EXERCISE PROMPT:
Below is a listing; write it out exactly and drop any images from it.

RECORDS SHOWN:

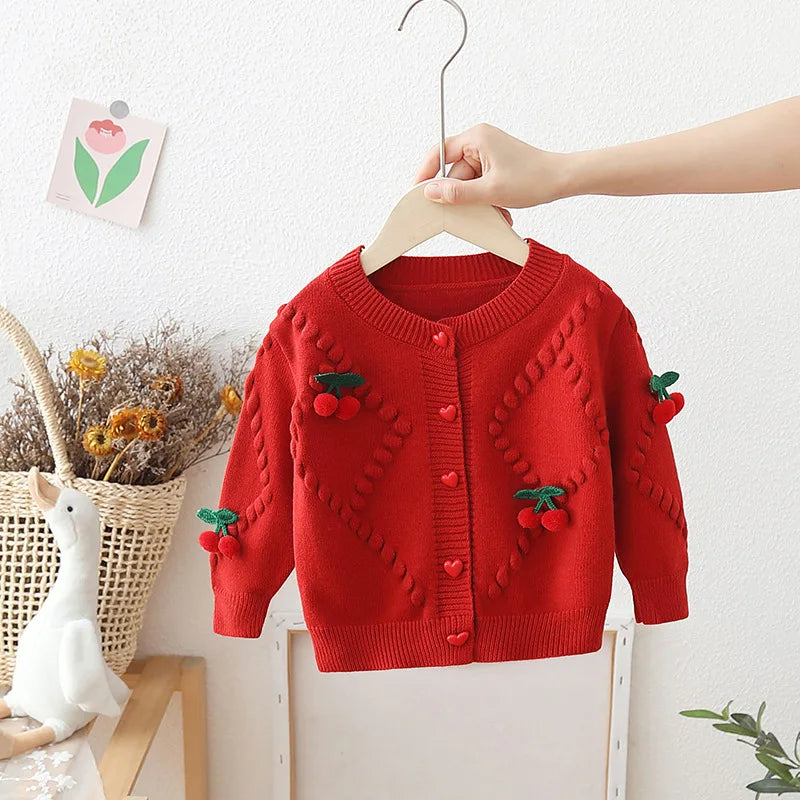 Girls' Sweaters Cardigan Spring Autumn New Love Button Warm Sweater Coats Korean Girls Cute Cherry Thicked Knitted Tops
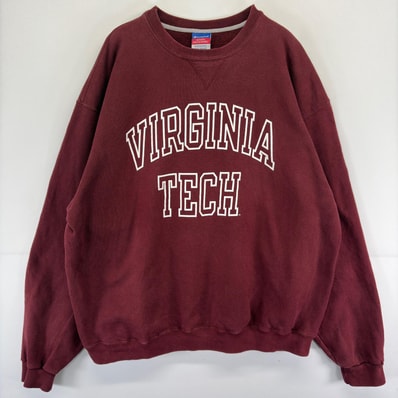 古着 チャンピオン Champion スウェット プルオーバー プリント クルーネック Vガゼット 大きいサイズ 2XL レッド メンズ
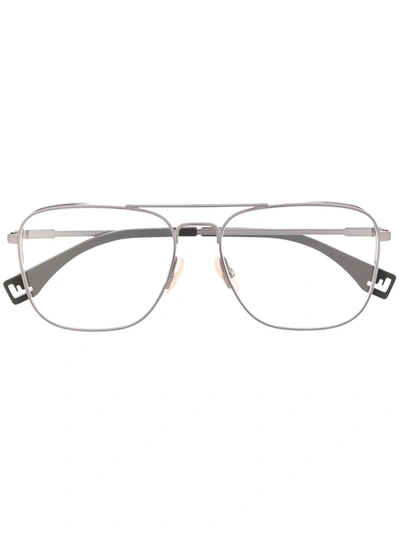 Shop Fendi Klassische Pilotenbrille In Grey
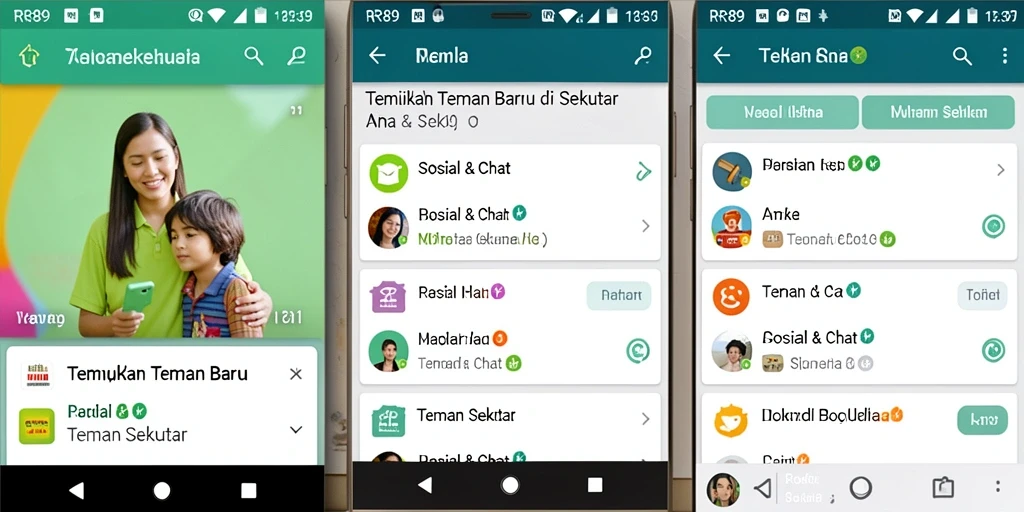 Tampilan antarmuka RR89 yang memudahkan koneksi dengan teman baru.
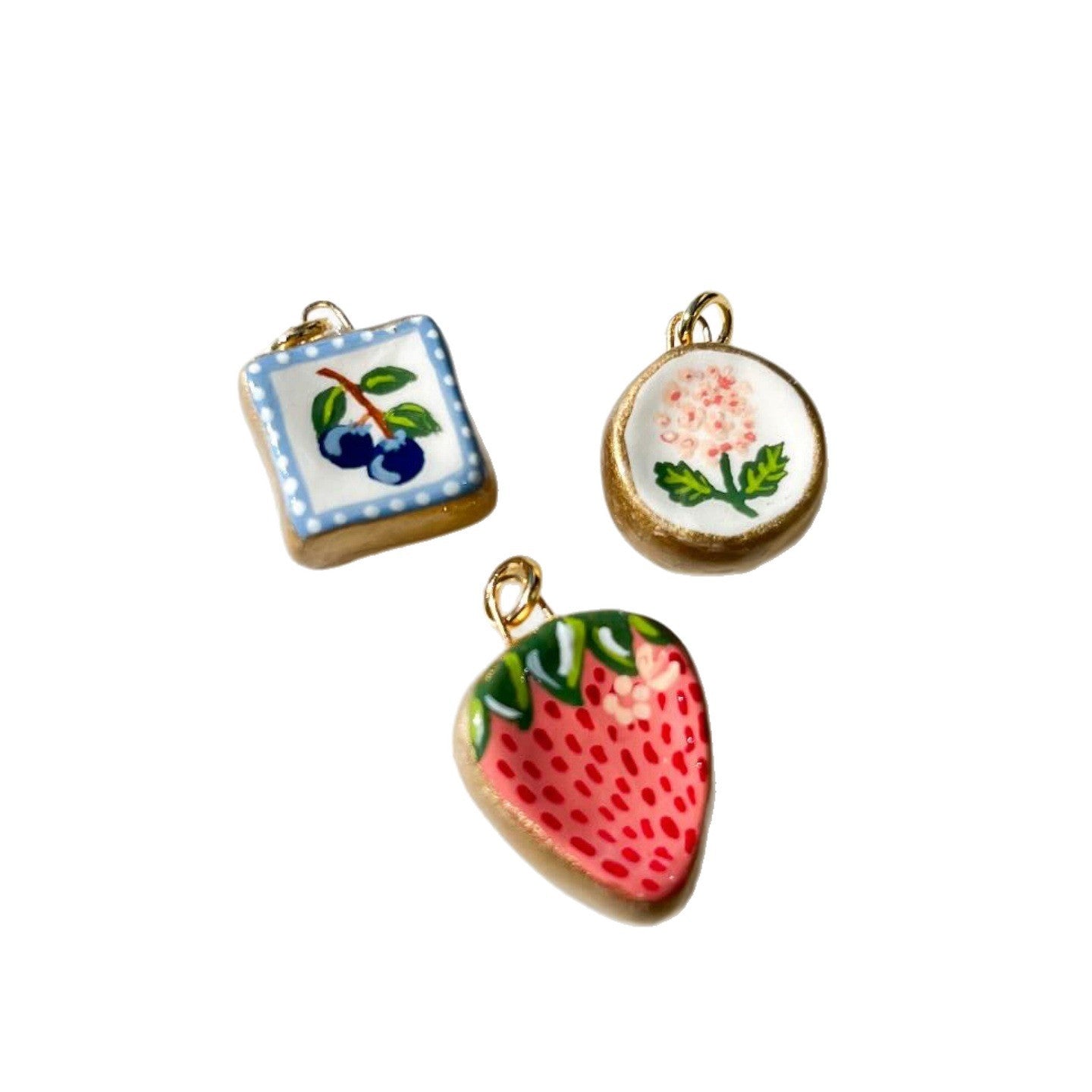 Casual Floral Fruit Pattern PVD Stainless Steel Charm Bar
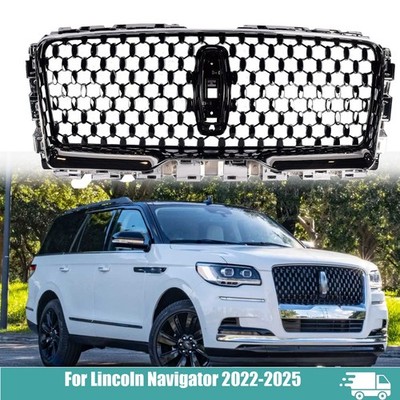 Gloss Black Front Bumper Upper Grille Chrome Frame For Lincoln Navigator 2022-25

SOLUTION TO THIS TASK:
 Girls' Sweaters Cardigan Spring Autumn New Love Button Warm Sweater Coats Korean Girls Cute Cherry Thicked Knitted Tops
 古着 チャンピオン Champion スウェット プルオーバー プリント クルーネック Vガゼット 大きいサイズ 2XL レッド メンズ
 Shop Fendi Klassische Pilotenbrille In Grey
 Tampilan antarmuka RR89 yang memudahkan koneksi dengan teman baru.
 Casual Floral Fruit Pattern PVD Stainless Steel Charm Bar
 Gloss Black Front Bumper Upper Grille Chrome Frame For Lincoln Navigator 2022-25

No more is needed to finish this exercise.